Tokenizer: Understanding and Building One

Tokenization is a backbone of any modern LLMs and will be a basic building block or prerequisite of building our own AI assistant. Whether you’re developing agentic AI systems or exploring how language models work, understanding tokenization is essential. Here we will explore in detail what constitutes the creation of tokenizers, why they are required, and how they are built via BytePairEncoding and SentencePiece tokenization.

What is this tutorial for?

This tutorial will aim to make you familiar with core workings for tokenization – not a quick, easy solution. We could import libraries and finish the job easily, and it would in fact be better than the one we will elementally attempt to build now. But the reader would have no knowledge as to how tokenization occurs. We will walk you step by step through which you can arrive at your simple tokenizer. Although not quite grand, it will give you an understanding needed to move forward into building more complex AI tools (explore our developer tools for practical applications). Eventually though, we will build one which will be functional and implementable in our assistant.

What does a tokenizer do?

Tokenization process refers to breakdown of raw texts into individual building blocks that can be fed to a model to process. Basically, a LLM is a next token predictor which was later generalized for specific context. In order to predict the next sequence, it predicts these blocks called tokens – it takes in tokens and spits out tokens.

A sentence “I’m a Nepali boy” will be tokenized into blocks as: ["I", "'", "m", " a", " Nep", "ali", " boy"]

Notice that a token is not quite a word—punctuations and subwords are also taken into account. A tokenizer is separate from a language model; we train these two separately. The goal of the tokenizer is to come up with a vocabulary or mappings (similar to how our time zone planner maps different time representations to standardized formats) or lookup table for these blocks, while the language model itself will be trained to understand context, structure, and meaning of these tokens.

This token-based understanding is fundamental to how AI systems build and maintain memory of conversations, enabling them to recall and reference previous interactions efficiently.

Interactive Demo: To understand this more, you can visit https://tiktokenizer.vercel.app/ which will let you choose a tokenizer for different models and let you play around with what tokens are obtained.

BytePairEncoding (BPE)

BytePairEncoding (BPE) is the algorithm used by GPT models. This algorithm involves first traversing the text stream and looking for repeated patterns, then creating a special character (token) to signify the pattern.

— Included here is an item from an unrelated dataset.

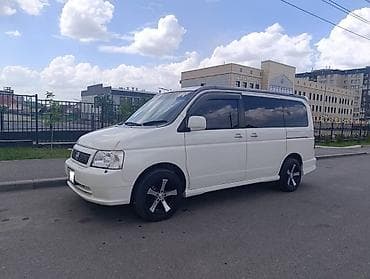 step 2: Honda Stepwgn: 2003 г., 2 л, Автомат, Бензин, Минивэн — 2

This is iteratively repeated until there are no repeated patterns. However, this is not implemented in its entirety by GPT models as that would be very computationally expensive—they add in a regex layer and also some further augmentations which are not totally public.

Example of Basic BPE:

Assume a pattern: aaabdaaabac

The pattern aa appears more so we replace it with Z and create a replacement table for it:

Z = aa
Pattern becomes: ZabdZabac

ab seems to occur, we replace it with Y:

ZYdZYac
Y = ab
Z = aa

Now again ZY seems to be iterative on its own so we merge it as X:

XdXac
X = ZY
Y = ab
Z = aa

It cannot be broken down further, so we stop.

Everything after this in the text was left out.